Yesterday morning he said “shit.” Well, almost shit. More like “sht”with the vowel left out but with the proper intonation, the correct inflection. This happened moments after I said the real shit while he flailed about on the changing table, his poop falling in clumps from the diaper onto the cover and my arms as I struggled to hold his legs down. “Shit” was bound to be an early word for him. My husband has a bad habit of saying the word and then quickly tacking on “poopie” in a misguided move to correct himself.
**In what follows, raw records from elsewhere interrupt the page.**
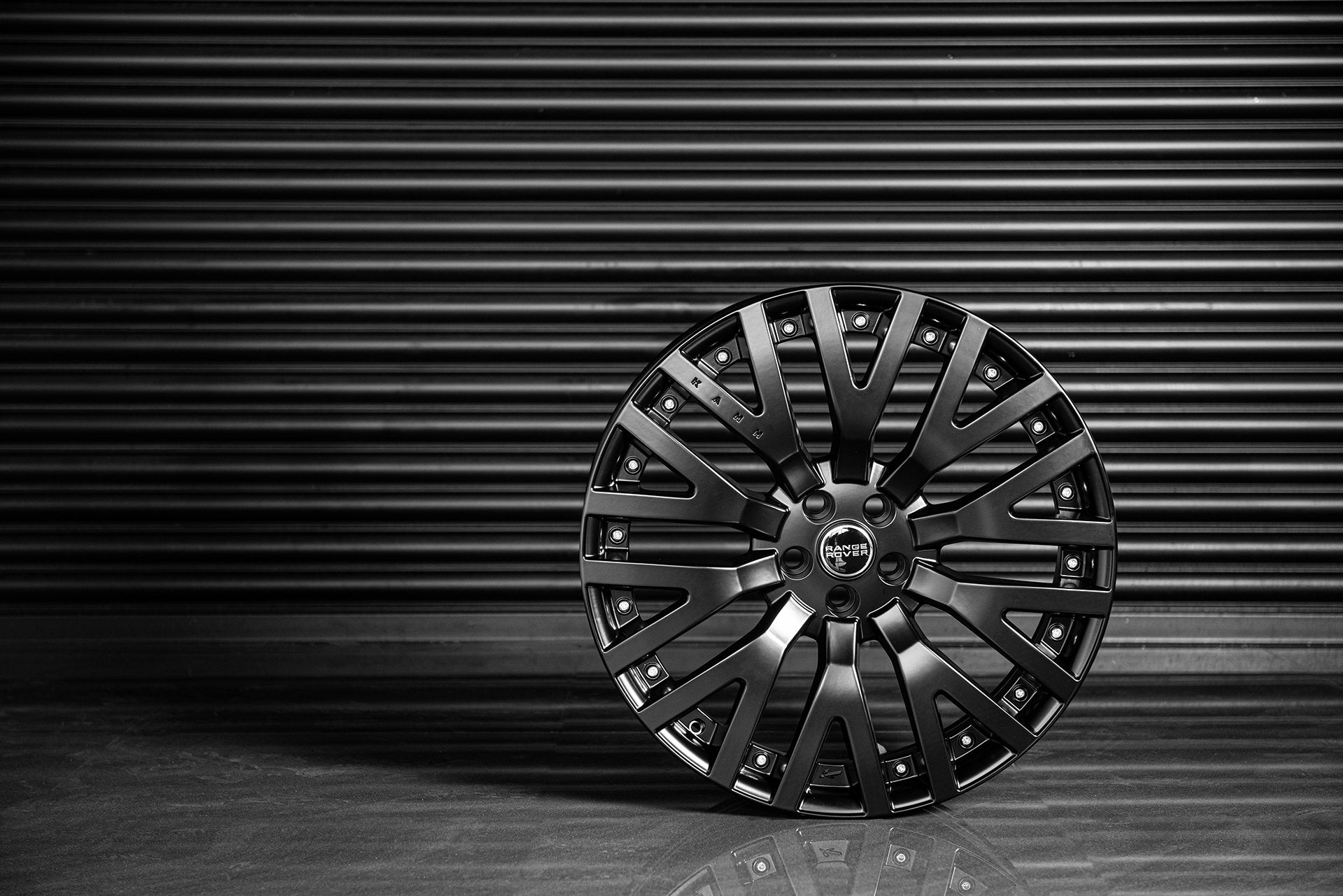 Range Rover Sport (2022-Present) RS-2 Light Alloy Wheels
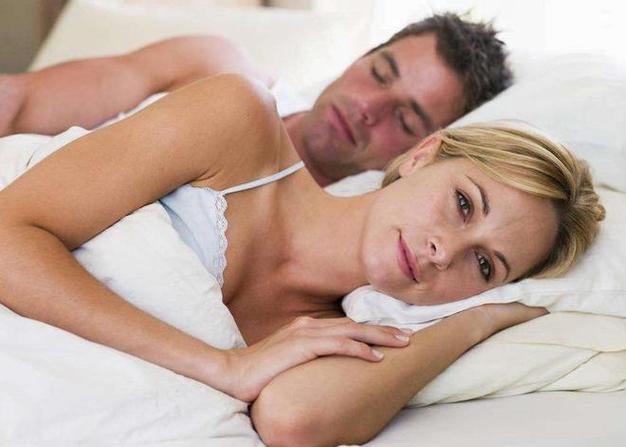 男人和女人在一起羞羞的视频揭秘：情感与亲密关系的真实展现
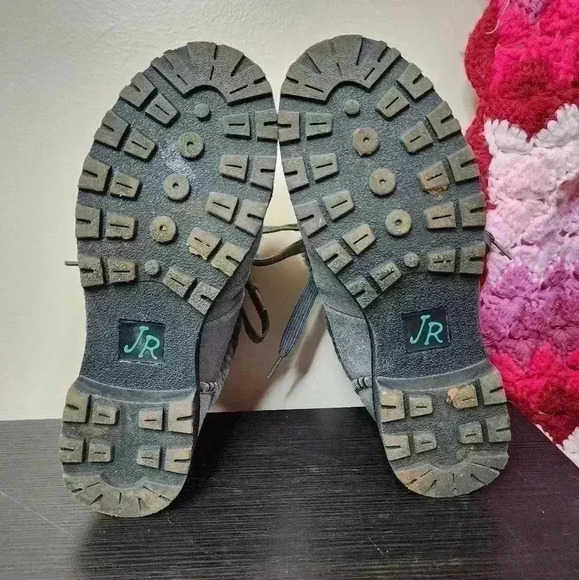 Size 9M Jack Rogers Grey Gay Charlie Faux Fur-Lined Suede Winter Boots - Picture 5 of 6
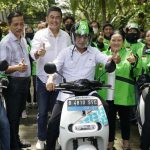 Kemenhub Wajibkan Ojek Online Pakai Motor Listrik Mulai 2027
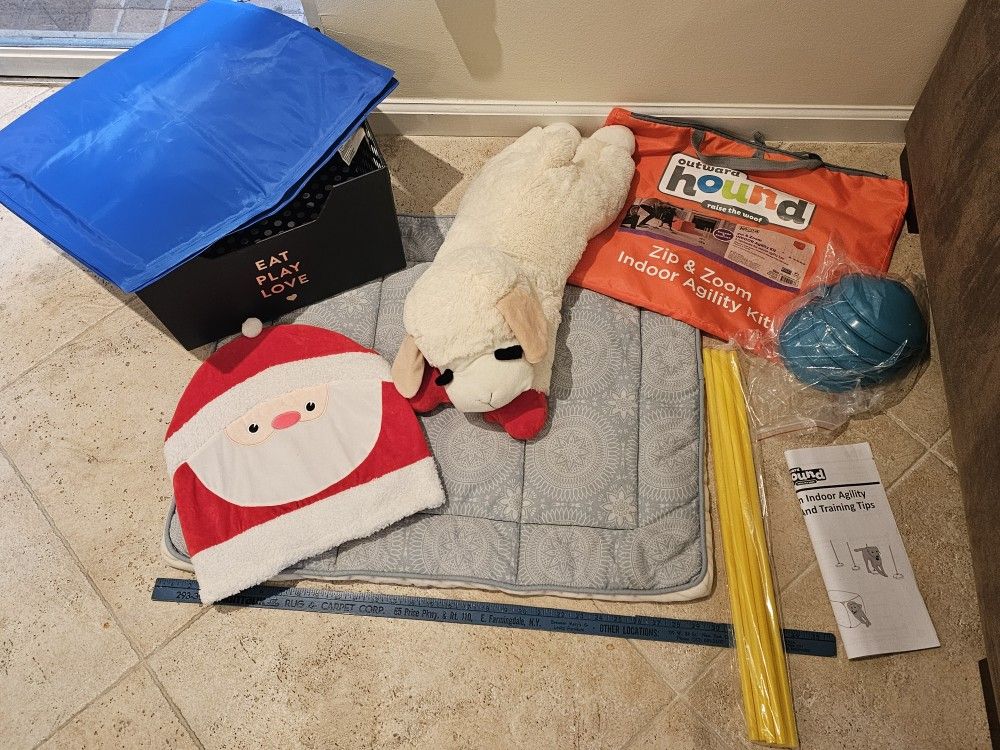 Lot Of Large Dog Items NEW & Used Bed Plush Cooling Bed Toy Bin Agility Kit Etc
So late afternoon, he and baby B will be enjoying peanut butter sandwiches while watching SpongeBob and B will lunge forward grabbing hold of my husband’s head (he’s fucking quick), leaving the gook on his ears and forehead. “Shit” the cry will go out and I will throw my husband a stern look that says be a good role model, you fucker. “Shit, poopie,” my husband will say sheepishly. So now B not only knows “shit,” he can define it. But it’s mainly my husband’s fault.
Kathy Griffin is coming on and I’m settling in for a fabulous night of TV. My husband is making me one of his signature vanilla milkshakes. The evening’s mood is festive, celebratory. We’re toasting “shit” and the beautiful demise of a friendship.